Grâce à l’excellence du jeu de l’acteur Lorenzo Ferro, et à ces gros plans sur son visage, (la caméra portée accentue les effets d’enfermement et d’oppression) on imagine aisément que Simon « incarnerait » une forme de « monstruosité » (regards hagards, balancements de la tête, rictus) avec des nuances ou des variantes selon l’interlocuteur … tout cela amplifié par la bande son, elle-même dépendante de cet amplificateur auditif à l’oreille ; et la scène où Colo qu’il a sauvée d’une noyade le menace de dévoiler la supercherie s’il n’a pas de rapport sexuel avec elle, illustre les deux aspects du personnage (samaritain mais… horrifié par l’altérité) et parallèlement les deux tendances du film (perversité et empathie).
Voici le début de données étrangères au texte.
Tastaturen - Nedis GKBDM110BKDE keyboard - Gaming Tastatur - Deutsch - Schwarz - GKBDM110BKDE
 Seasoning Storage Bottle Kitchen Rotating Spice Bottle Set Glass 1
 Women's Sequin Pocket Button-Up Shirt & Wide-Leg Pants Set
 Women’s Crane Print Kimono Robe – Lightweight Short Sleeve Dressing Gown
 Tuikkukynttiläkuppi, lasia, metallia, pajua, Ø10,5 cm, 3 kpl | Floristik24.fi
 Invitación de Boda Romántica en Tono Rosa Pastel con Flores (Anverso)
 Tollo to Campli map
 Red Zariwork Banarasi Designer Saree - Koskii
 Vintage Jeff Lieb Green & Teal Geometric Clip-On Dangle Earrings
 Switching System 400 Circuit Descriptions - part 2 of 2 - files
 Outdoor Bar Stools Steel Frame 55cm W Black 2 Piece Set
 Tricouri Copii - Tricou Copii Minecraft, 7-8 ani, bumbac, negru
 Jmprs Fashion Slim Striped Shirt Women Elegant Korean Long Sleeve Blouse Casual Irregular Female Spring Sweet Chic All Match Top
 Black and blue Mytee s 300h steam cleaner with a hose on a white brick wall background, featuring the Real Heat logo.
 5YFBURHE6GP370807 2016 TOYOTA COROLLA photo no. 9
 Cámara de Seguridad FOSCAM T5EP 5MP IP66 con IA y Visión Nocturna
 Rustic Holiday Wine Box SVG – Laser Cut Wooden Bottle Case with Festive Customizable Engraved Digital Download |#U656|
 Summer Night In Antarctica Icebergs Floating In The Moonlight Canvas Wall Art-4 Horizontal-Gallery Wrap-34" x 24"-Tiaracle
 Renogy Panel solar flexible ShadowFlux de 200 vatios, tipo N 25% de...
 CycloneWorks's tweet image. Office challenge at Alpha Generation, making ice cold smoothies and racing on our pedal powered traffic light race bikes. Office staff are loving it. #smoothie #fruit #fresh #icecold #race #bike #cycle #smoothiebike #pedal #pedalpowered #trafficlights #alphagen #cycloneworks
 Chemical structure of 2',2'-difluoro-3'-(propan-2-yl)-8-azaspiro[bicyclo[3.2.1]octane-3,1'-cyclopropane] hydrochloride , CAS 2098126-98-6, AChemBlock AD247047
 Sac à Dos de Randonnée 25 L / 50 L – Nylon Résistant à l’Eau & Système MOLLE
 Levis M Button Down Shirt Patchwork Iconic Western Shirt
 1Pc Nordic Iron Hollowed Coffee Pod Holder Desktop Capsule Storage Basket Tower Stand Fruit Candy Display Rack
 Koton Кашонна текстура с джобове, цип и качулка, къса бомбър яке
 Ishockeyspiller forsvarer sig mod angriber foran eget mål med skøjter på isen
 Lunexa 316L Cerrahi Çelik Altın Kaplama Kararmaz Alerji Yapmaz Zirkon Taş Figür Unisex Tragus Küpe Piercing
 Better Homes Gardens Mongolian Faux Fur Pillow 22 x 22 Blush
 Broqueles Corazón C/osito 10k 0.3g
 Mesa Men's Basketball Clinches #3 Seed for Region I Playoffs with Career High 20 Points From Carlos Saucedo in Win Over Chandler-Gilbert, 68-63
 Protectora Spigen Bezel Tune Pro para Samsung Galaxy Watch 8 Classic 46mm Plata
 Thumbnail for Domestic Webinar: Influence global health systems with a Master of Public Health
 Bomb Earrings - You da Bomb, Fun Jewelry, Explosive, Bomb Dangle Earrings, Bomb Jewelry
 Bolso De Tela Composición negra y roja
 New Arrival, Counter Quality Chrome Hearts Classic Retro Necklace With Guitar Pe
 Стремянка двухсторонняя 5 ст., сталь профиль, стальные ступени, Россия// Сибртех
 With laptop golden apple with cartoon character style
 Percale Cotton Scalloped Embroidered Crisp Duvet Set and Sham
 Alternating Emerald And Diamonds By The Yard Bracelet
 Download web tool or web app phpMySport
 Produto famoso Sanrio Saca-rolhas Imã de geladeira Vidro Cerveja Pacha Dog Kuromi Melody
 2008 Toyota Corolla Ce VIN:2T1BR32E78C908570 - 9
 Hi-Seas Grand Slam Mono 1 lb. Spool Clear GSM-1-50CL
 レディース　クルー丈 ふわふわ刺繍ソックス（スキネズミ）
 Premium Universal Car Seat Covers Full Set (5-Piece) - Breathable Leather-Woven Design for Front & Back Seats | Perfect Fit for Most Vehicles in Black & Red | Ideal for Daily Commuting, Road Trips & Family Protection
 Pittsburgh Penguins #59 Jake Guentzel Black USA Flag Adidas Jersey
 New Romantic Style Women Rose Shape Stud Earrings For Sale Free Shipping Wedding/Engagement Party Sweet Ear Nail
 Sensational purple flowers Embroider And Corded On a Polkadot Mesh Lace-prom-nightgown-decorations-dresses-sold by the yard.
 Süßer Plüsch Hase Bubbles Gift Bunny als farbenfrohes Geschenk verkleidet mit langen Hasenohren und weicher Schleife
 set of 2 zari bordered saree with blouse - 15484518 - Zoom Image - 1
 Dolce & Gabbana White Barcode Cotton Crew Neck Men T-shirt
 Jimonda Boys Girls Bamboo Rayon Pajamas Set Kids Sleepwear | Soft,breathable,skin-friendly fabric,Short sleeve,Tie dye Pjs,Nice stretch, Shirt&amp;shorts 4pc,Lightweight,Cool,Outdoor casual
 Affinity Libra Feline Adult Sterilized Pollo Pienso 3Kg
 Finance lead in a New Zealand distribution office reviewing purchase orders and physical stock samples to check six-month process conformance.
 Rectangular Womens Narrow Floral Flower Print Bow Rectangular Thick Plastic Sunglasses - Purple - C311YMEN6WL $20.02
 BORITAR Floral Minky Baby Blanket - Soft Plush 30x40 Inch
La scène ultime fera écho à la scène inaugurale celle d’un face à face Simon /responsable social pour l’obtention… d’un formulaire de handicapé…
Par ailleurs on ne saurait reprocher au cinéaste de porter un regard nouveau sur le handicap (loin de tous ces clichés qui fleurent la mauvaise foi) et la distorsion, si récurrente, le cinéaste la met au service d’une approche moins clivante en l’intégrant aux univers dits « normaux » (la violence du milieu familial de Simon opposée à la sollicitude du père de Colo) Frederico Luis, lui-même semble habité par cet élan d’humanité qu’il filme auprès de (et si près de) Kati Colo Péhuen .qui interprètent leur propre rôle!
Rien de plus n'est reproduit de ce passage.